■ WHAT TO PRODUCE: Please return the listing below word for word, minus its pictures.

■ GIVEN INFORMATION:
=-=-=-=-=
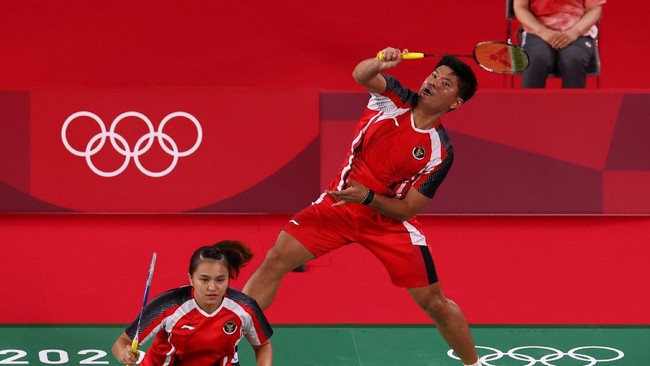 Lima atlet badminton Indonesia akan melanjutkan perjuangan di Olimpiade Tokyo 2020, Rabu (28/7). Berikut jadwal badminton Indonesia di Olimpiade hari ini.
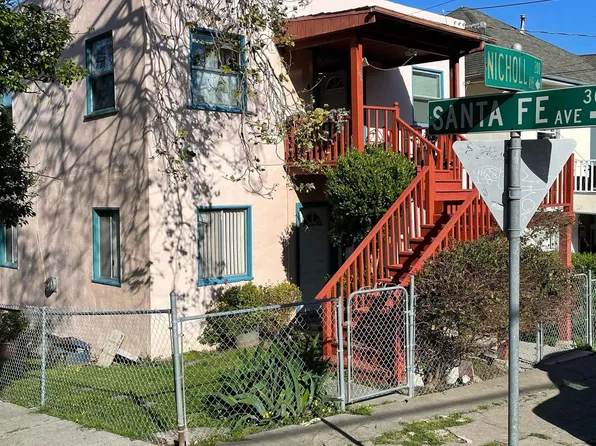 122 Nicholl Ave, Richmond, CA 94801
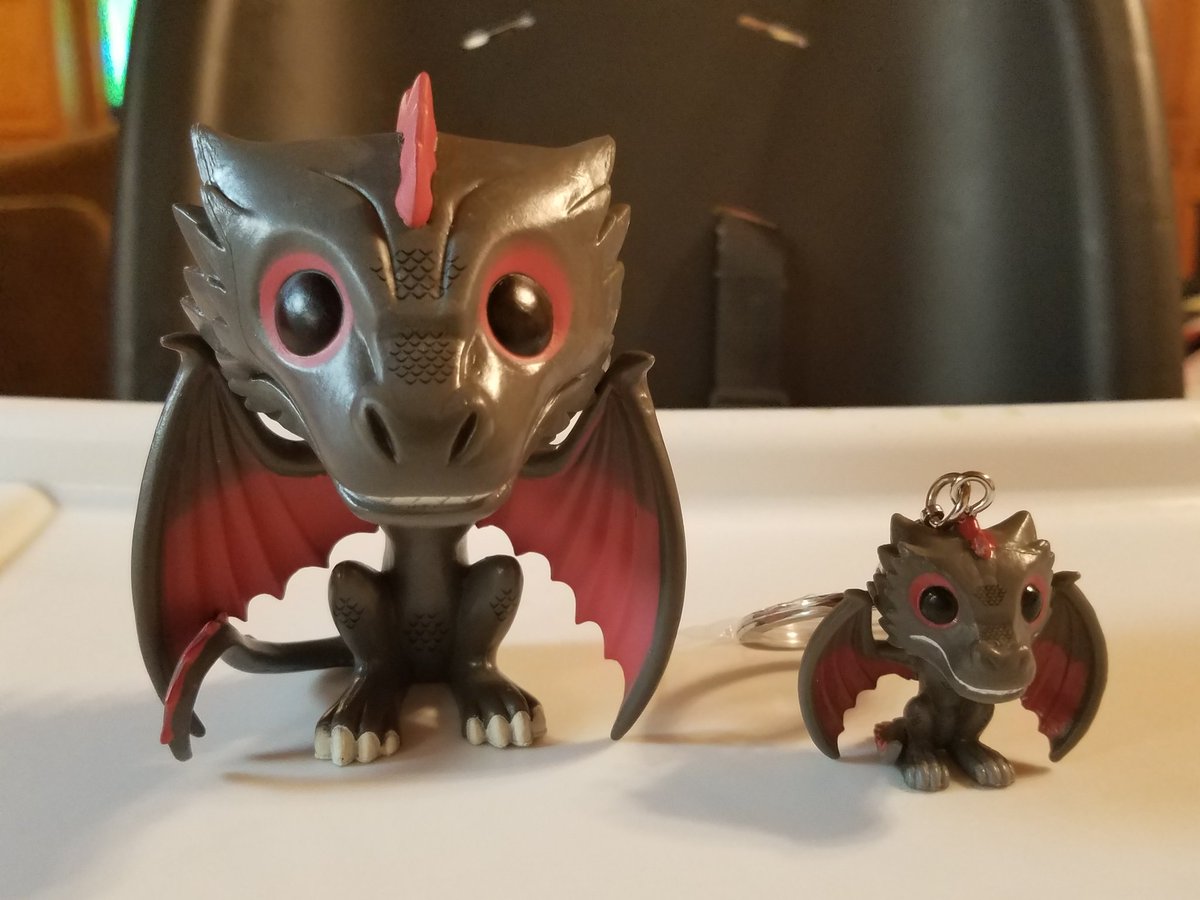 ebuggers's tweet photo. I love my Christmas presents!! Drogon from Game of Thrones https://t.co/7d9ThRGuTb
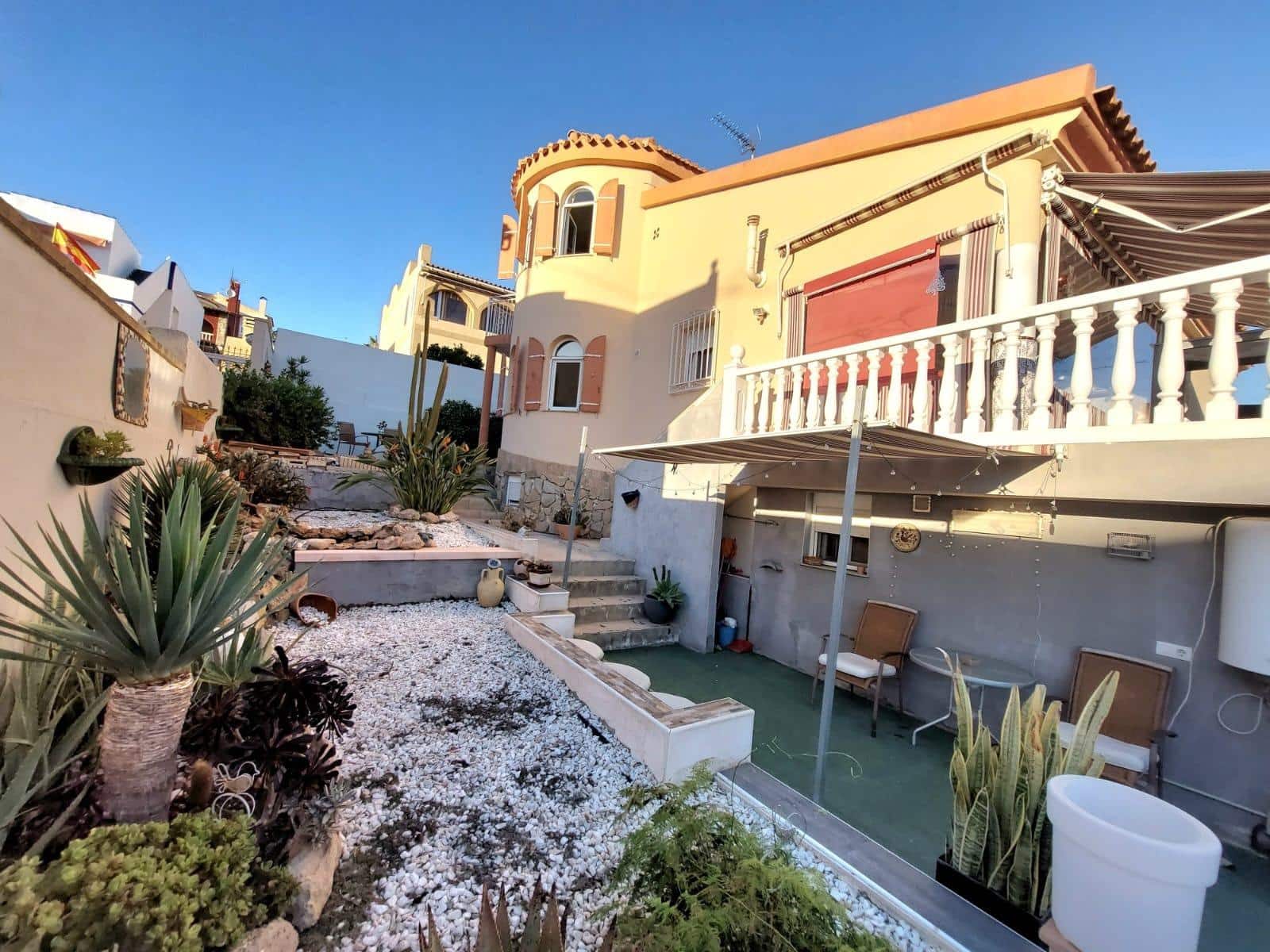 4 quarto Moradia para venda em Calabardina com garagem - 335 000 € (Ref: 9846549)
=-=-=-=-=
■ OUTPUT OF THE TASK:
 Lima atlet badminton Indonesia akan melanjutkan perjuangan di Olimpiade Tokyo 2020, Rabu (28/7). Berikut jadwal badminton Indonesia di Olimpiade hari ini.
 122 Nicholl Ave, Richmond, CA 94801
 ebuggers's tweet photo. I love my Christmas presents!! Drogon from Game of Thrones https://t.co/7d9ThRGuTb
 4 quarto Moradia para venda em Calabardina com garagem - 335 000 € (Ref: 9846549)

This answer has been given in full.